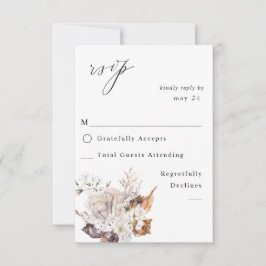 Muscheln und UAWG mit weißer Blume RSVP Karte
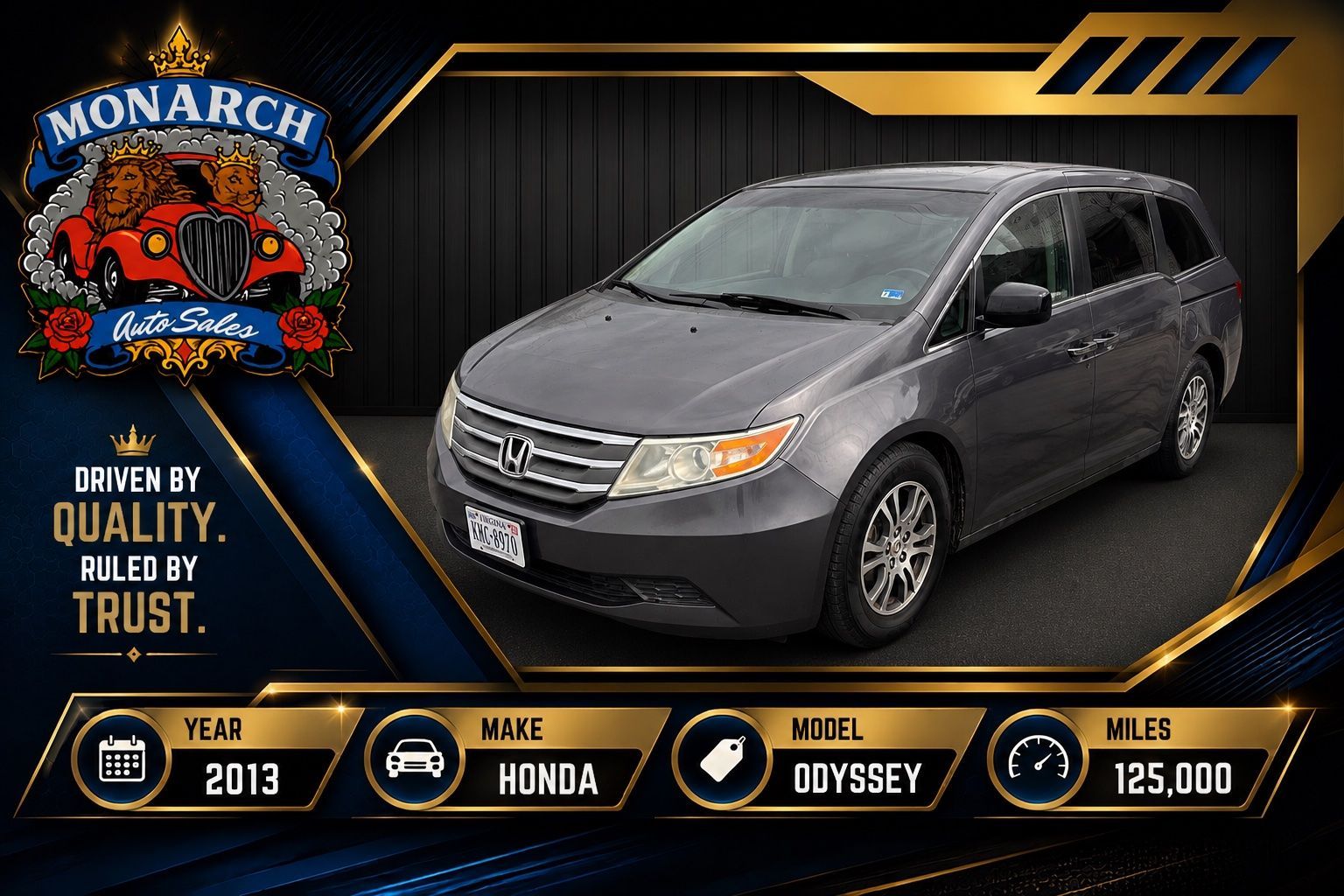 Gray 2013 Honda Odyssey minivan shown with dealership branding and 125,000 miles listed.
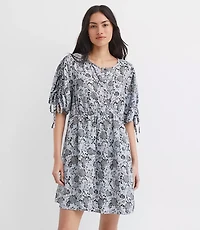 Floral Ruched Sleeve Mini Pocket Dress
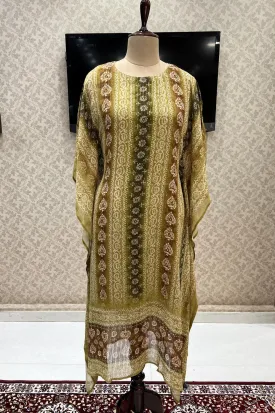 Green Shaded Sequins and Thread work with Batik Print Kaftan Style Kurti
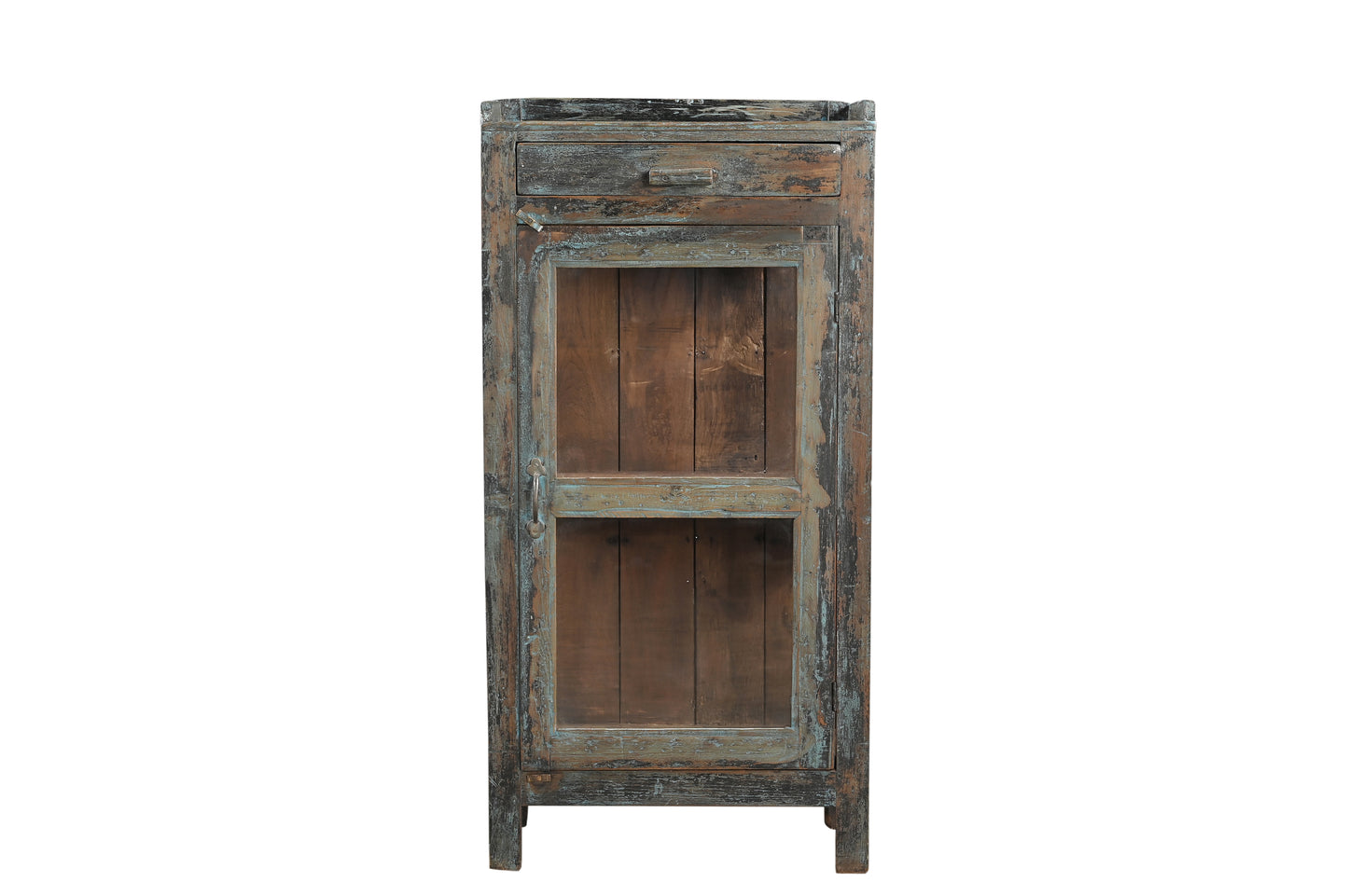 Vintage Teak Wood and Glass Showcase Cabinet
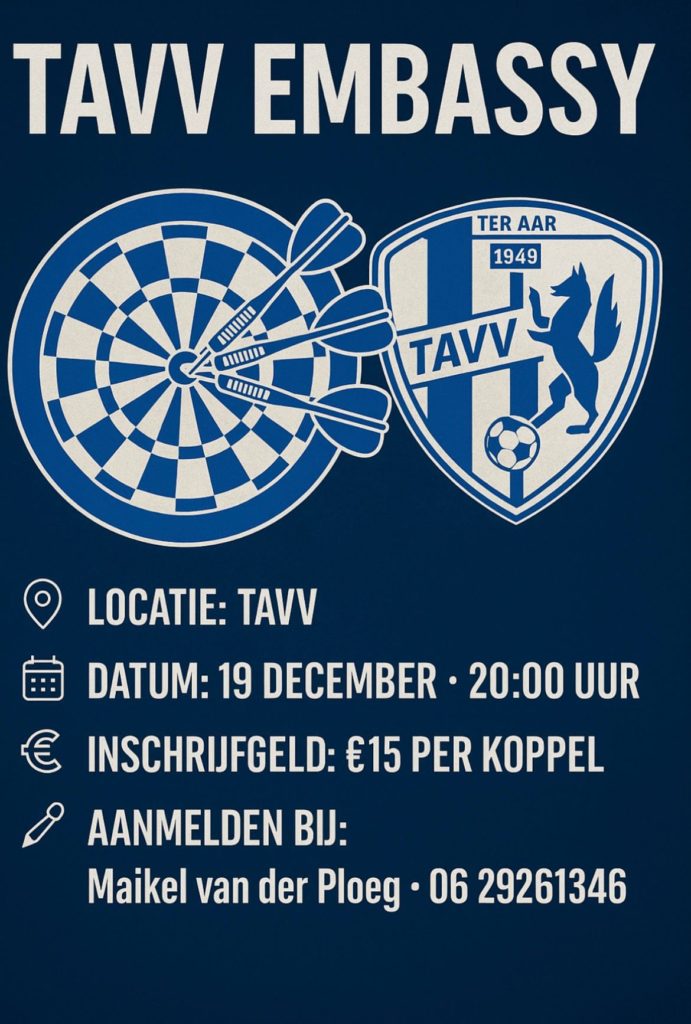 Vrijdag 19 dec: TAFFIE’S Darttoernooi!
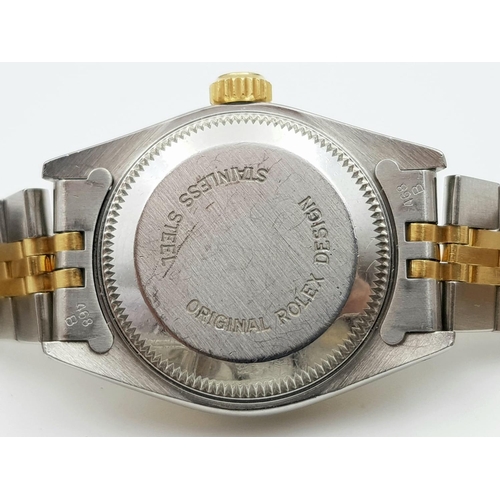 256 - A LADIES BI-METAL ROLEX OYSTER PERPETUAL DATEJUST WITH GOLDTONE DIAL IN ORIGINAL BOX WITH PAPERS.  2... 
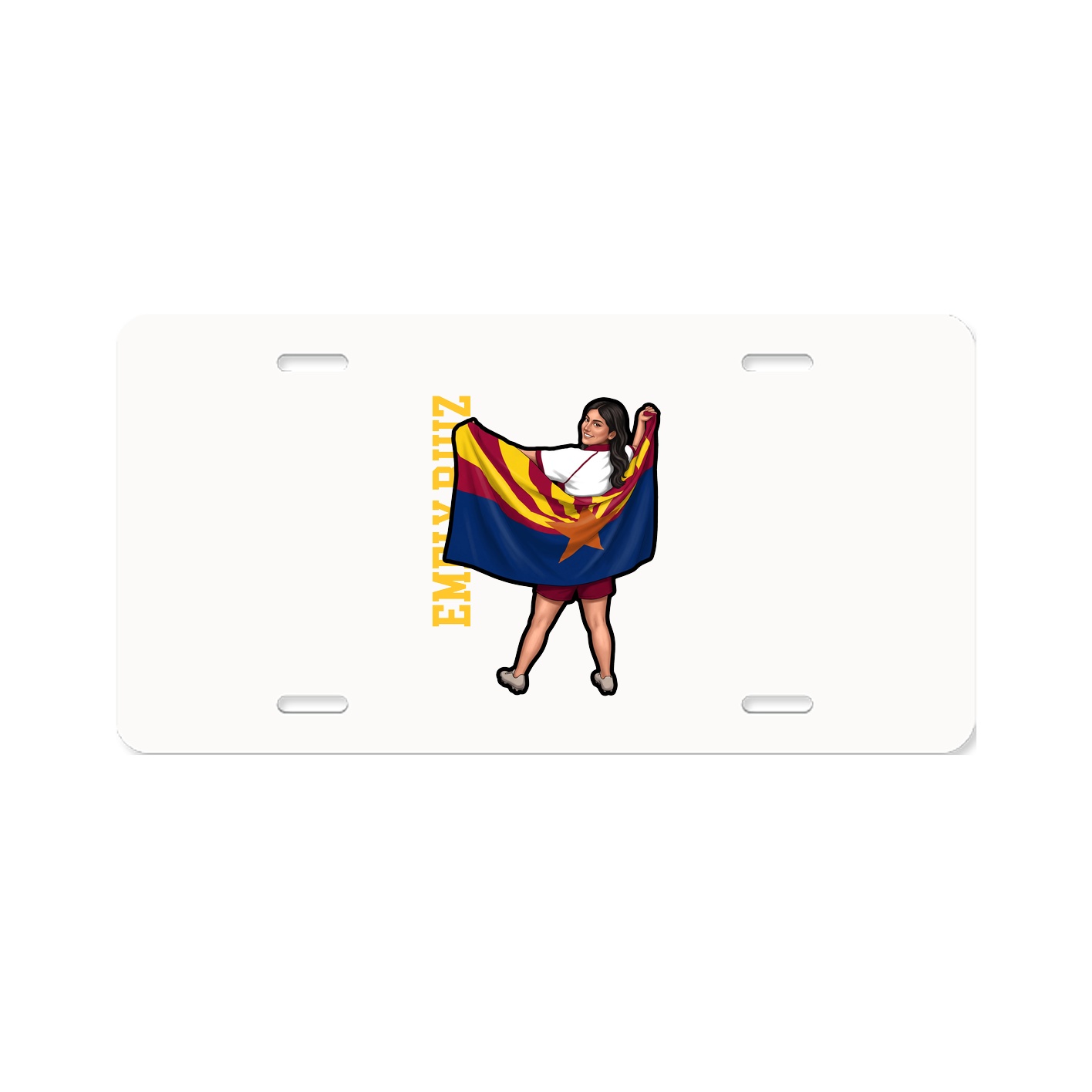 License Plate — Name Vertical in Classic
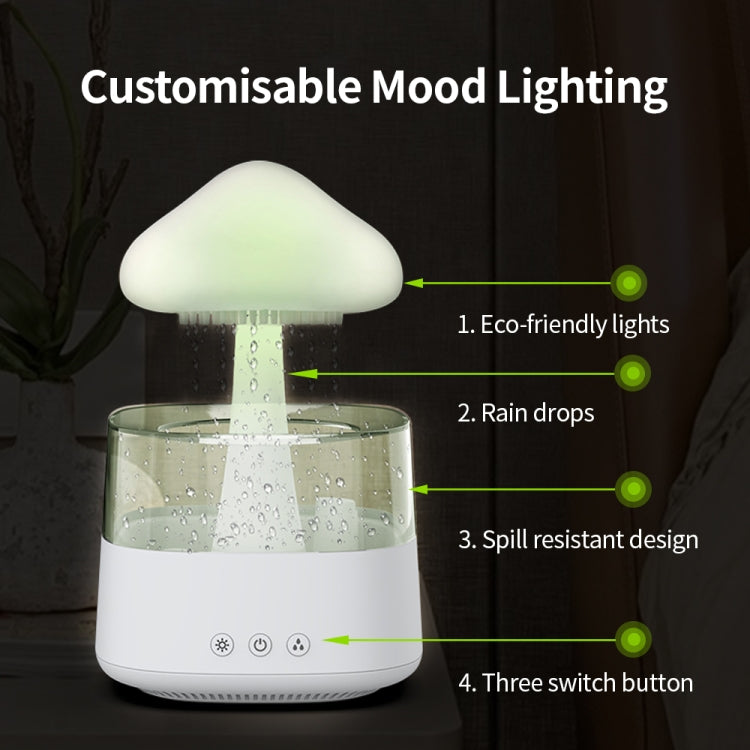 CH08 450ml Rain Humidifier Mushroom Cloud Colorful Night Lamp Aromatherapy Machine, Style: With Remote Controller(Light Wood Grain)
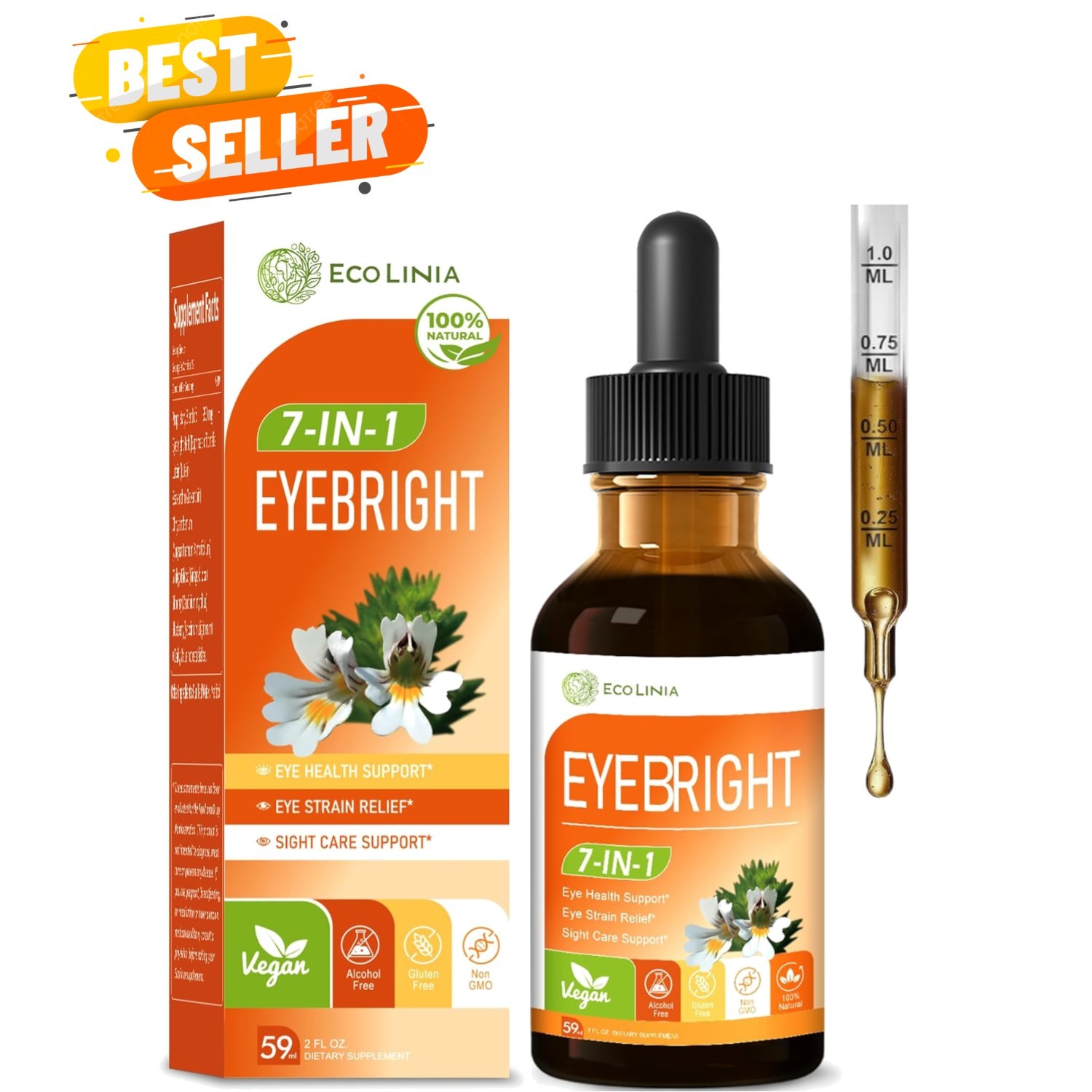 Natural Eye Care Drops w/Lutein, Zeaxanthin & Eyebright 2 oz – Herbal Formula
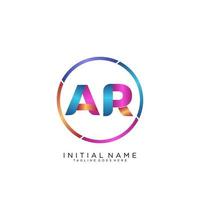 Letter AR  colorfull logo premium elegant template vector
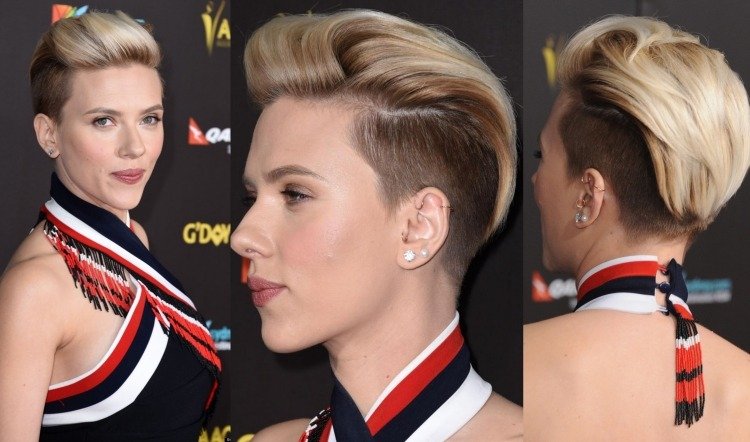 Účes Scarlett Johanson s podrezanými vlasmi, elegantný štýl svadobný účes-podrezané-krátke-vlasy-chrbát-coiffed-scarlett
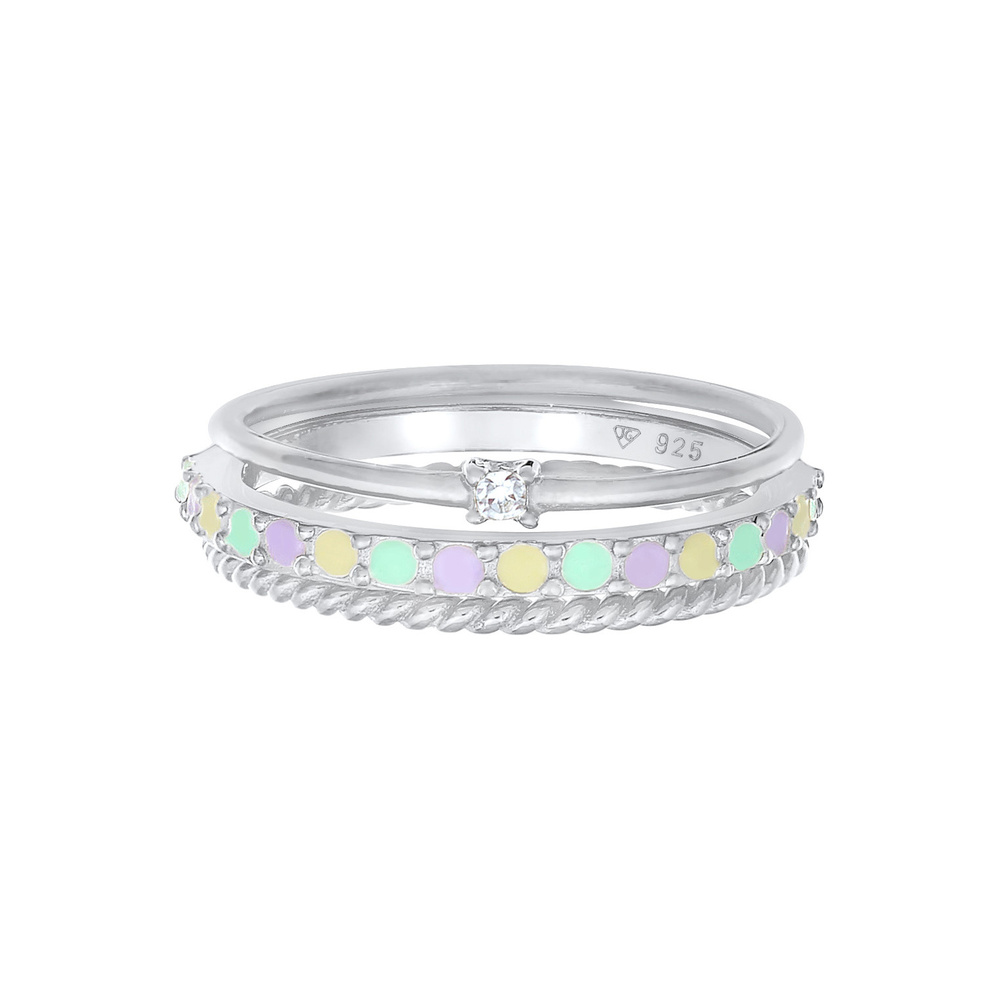 Elli Elli Bague Femmes Pile Set Moderne Solitaire Torsadé Tendance Multicolore avec Ém Bague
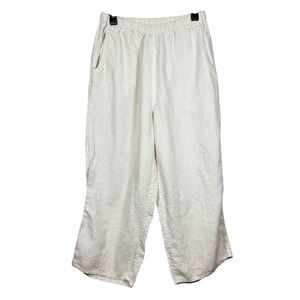 FLAX Women's 100% Linen Crops, Linen Crop Pants, White, Size Medium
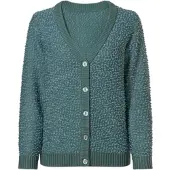 Sieh an! Cardigan SIEH AN "Cardigan Cardigan aus Effektgarn", Damen, Gr. 38, grün (jade), Strick, , Sportlich, V-Ausschnitt, Strickjacken Cardigan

——

WORK ORDER:
Please leave out the pictures while you copy exactly the lines from the one containing "License Plate — Name Vertical in Classic" through the end of the records.

TASK RESULT:
 License Plate — Name Vertical in Classic
 CH08 450ml Rain Humidifier Mushroom Cloud Colorful Night Lamp Aromatherapy Machine, Style: With Remote Controller(Light Wood Grain)
 Natural Eye Care Drops w/Lutein, Zeaxanthin & Eyebright 2 oz – Herbal Formula
 Letter AR  colorfull logo premium elegant template vector
 Účes Scarlett Johanson s podrezanými vlasmi, elegantný štýl svadobný účes-podrezané-krátke-vlasy-chrbát-coiffed-scarlett
 Elli Elli Bague Femmes Pile Set Moderne Solitaire Torsadé Tendance Multicolore avec Ém Bague
 FLAX Women's 100% Linen Crops, Linen Crop Pants, White, Size Medium
 Sieh an! Cardigan SIEH AN "Cardigan Cardigan aus Effektgarn", Damen, Gr. 38, grün (jade), Strick, , Sportlich, V-Ausschnitt, Strickjacken Cardigan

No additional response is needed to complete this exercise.